=== Input data ===

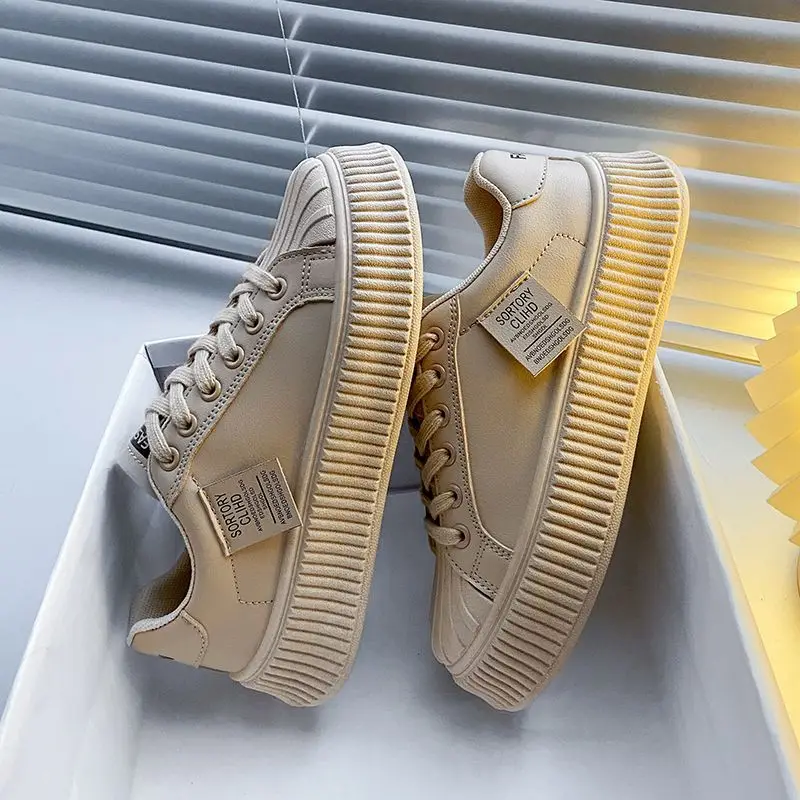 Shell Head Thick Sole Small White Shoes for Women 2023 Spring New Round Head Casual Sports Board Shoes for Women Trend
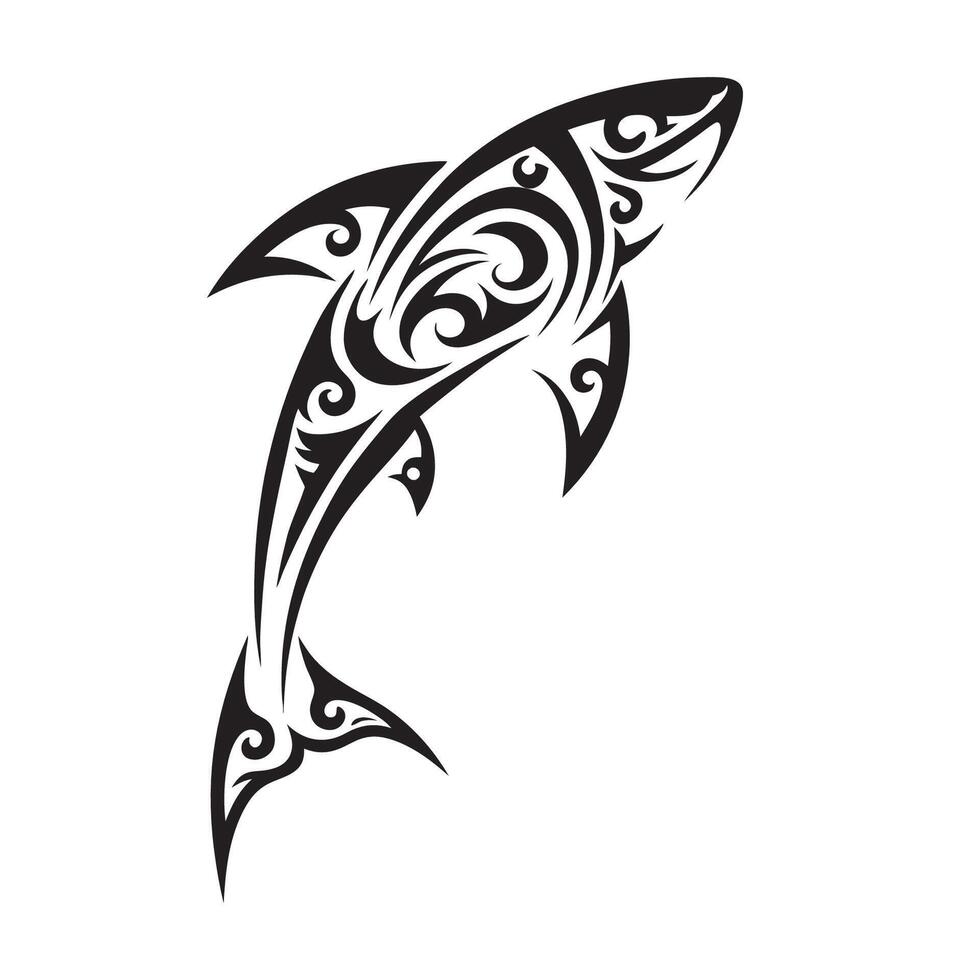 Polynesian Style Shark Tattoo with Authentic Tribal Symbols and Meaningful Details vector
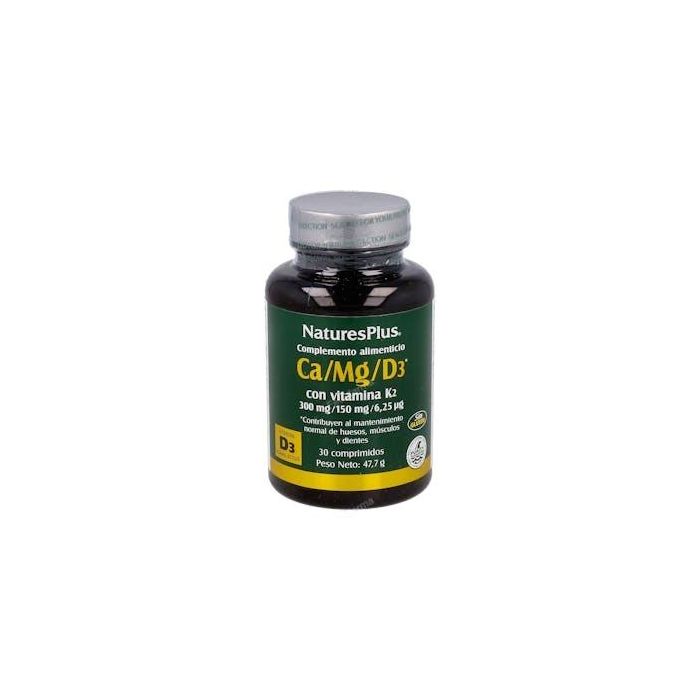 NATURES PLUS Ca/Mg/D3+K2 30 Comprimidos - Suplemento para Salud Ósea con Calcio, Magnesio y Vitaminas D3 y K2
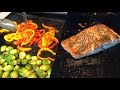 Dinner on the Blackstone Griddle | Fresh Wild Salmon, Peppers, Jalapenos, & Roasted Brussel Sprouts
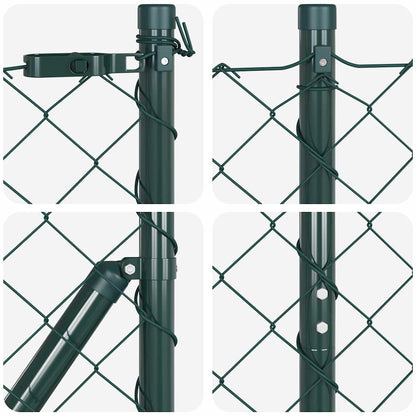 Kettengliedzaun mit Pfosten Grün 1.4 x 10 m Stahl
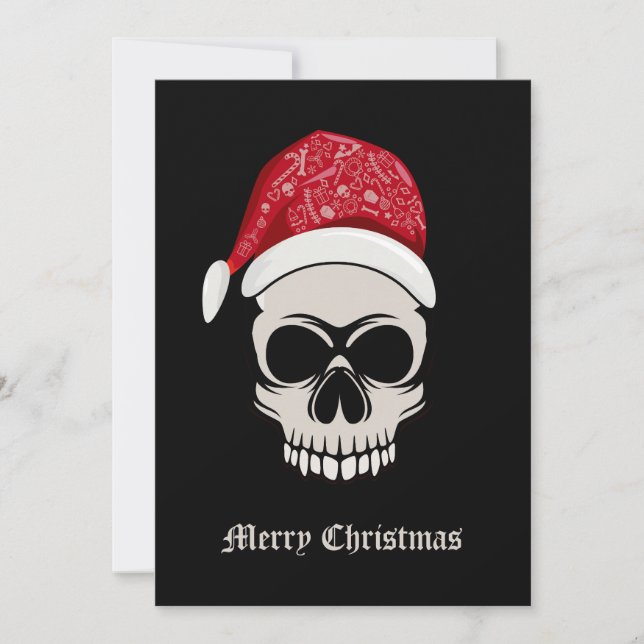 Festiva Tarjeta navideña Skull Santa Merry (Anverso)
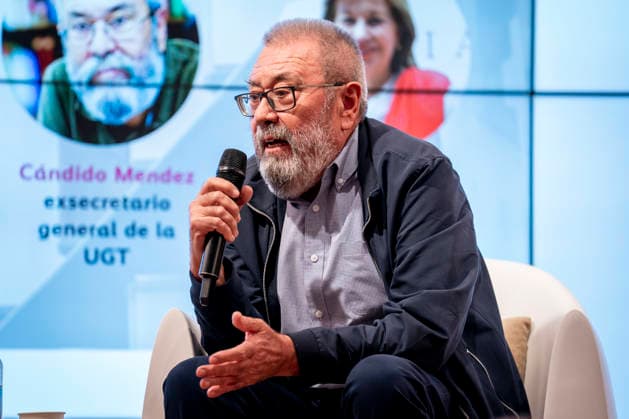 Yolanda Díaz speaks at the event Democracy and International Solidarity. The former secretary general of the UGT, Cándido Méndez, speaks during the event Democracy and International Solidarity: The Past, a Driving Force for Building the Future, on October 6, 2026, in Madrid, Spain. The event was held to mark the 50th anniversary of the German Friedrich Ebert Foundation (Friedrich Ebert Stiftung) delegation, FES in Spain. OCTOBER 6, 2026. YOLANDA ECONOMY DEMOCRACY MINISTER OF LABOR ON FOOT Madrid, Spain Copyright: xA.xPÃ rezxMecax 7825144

===

_Problem to work on_: With pictures left out, transcribe each line from the one containing "NATURES PLUS Ca/Mg/D3+K2" through the end of the data, both ends included.

_Written answer_:
 NATURES PLUS Ca/Mg/D3+K2 30 Comprimidos - Suplemento para Salud Ósea con Calcio, Magnesio y Vitaminas D3 y K2
 Dinner on the Blackstone Griddle | Fresh Wild Salmon, Peppers, Jalapenos, & Roasted Brussel Sprouts
 Kettengliedzaun mit Pfosten Grün 1.4 x 10 m Stahl
 Festiva Tarjeta navideña Skull Santa Merry (Anverso)
 Yolanda Díaz speaks at the event Democracy and International Solidarity. The former secretary general of the UGT, Cándido Méndez, speaks during the event Democracy and International Solidarity: The Past, a Driving Force for Building the Future, on October 6, 2026, in Madrid, Spain. The event was held to mark the 50th anniversary of the German Friedrich Ebert Foundation (Friedrich Ebert Stiftung) delegation, FES in Spain. OCTOBER 6, 2026. YOLANDA ECONOMY DEMOCRACY MINISTER OF LABOR ON FOOT Madrid, Spain Copyright: xA.xPÃ rezxMecax 7825144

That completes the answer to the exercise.